The Design of the Palace of Tears
Stepping inside, I descended a short stairway to the hall’s main floor. Looking around, I saw huge glass windows, sweeping around the hall on three sides, but the floor of the hall is low, below ground level. People passing through this space could not see out to the street.
Between the windows are vintage light fixtures, and the wall clock is the original clock, in a style I remember from my 1960s childhood.
The Palace of Tears is still recognizably a train station hall, with the addition of museum elements within this large space. It includes a row of booths where immigration officials checked documents.
Museum visitors can walk through one booth as those emigrants and business travelers did during the period when Germany was divided. The booths intentionally intimidate. Standing in the narrow space, looking up at the customs official across a high counter, they must have felt like children, begging to be allowed out.
A mock-up of the Friedrichstraße station shows how the East German apparatus controlled travelers’ movement. They walked from this hall into the station itself through a carefully managed maze of hallways, designed to prevent anyone escaping East Germany without permission.
Other Exhibits in the Palace of Tears
A free audio guide explains the other exhibits in the museum. Suitcases used as display cases illustrate individuals’ stories of leaving East Germany and the few items they took with them. Similar suitcases near the exit do the same, but focus on individuals who moved back to East Germany after the fall of the Berlin Wall.
Moving through the small museum, I saw an array of Western consumer goods that the East German government sold to earn hard currency. A section on surveillance emphasizes how closely the police, along with informants, scrutinized everyone in this railway station as they came and went. And a section on protest movements explains the gradual build-up to the 1989 fall of the Berlin Wall. This part was particularly intriguing to me because from the US perspective, the Wall’s fall seemed very sudden. In fact, it was the culmination of a long effort by some very brave people.

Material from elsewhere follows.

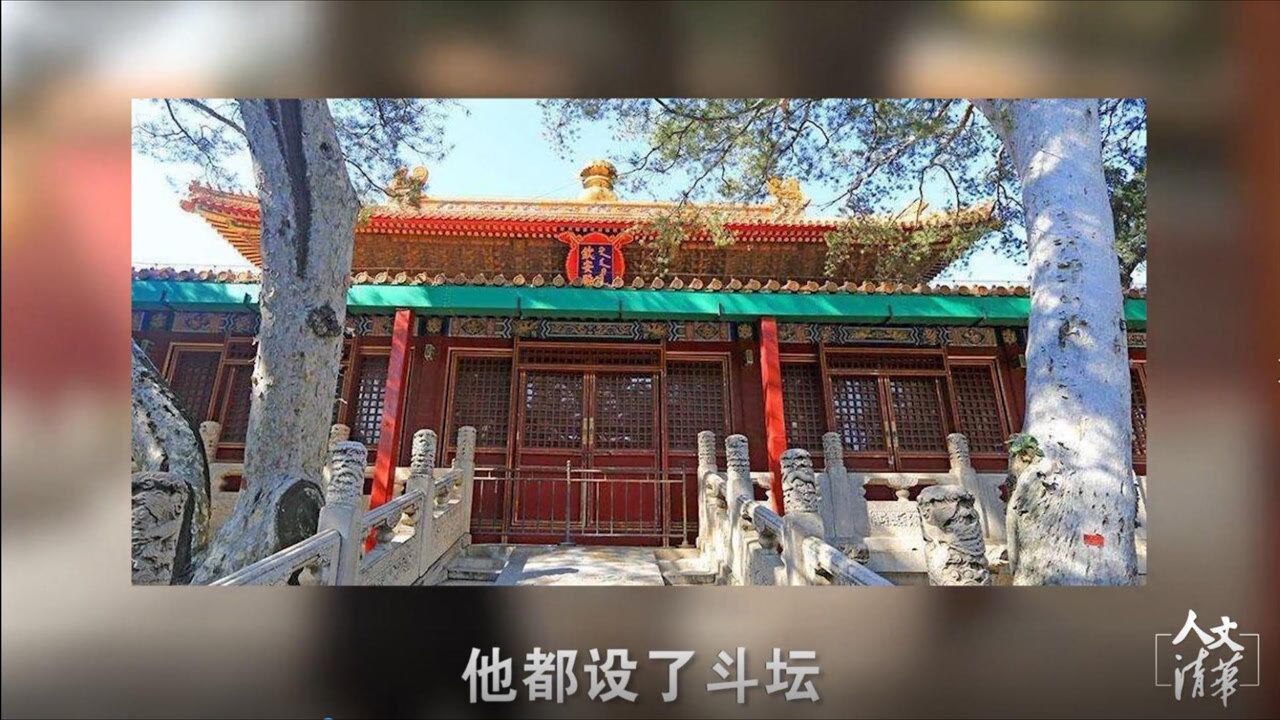 除了游玩休闲,故宫御花园也是古代皇帝精神寄托的地方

The focus of many of the displays is individuals who passed through the Palace of Tears. It’s hard to imagine, from my privileged point of view, how people felt leaving East Germany. They knew that they were unlikely ever to go back and see the families they left behind. And yet their families might live within just a few kilometers of them. The Palace of Tears museum is a good way to get an inkling; its intact structure, passport control booths and rather sparse but well-chosen displays fill out this piece of the puzzle of divided Berlin’s history.
If you have the time, I would recommend visiting both the Palace of Tears and the DDR Museum. The two museums – one about everyday life in East Germany and one about the decision to leave East Germany – complement each other. They combine well to answer the questions “What was it like?” and “Why didn’t they just leave?”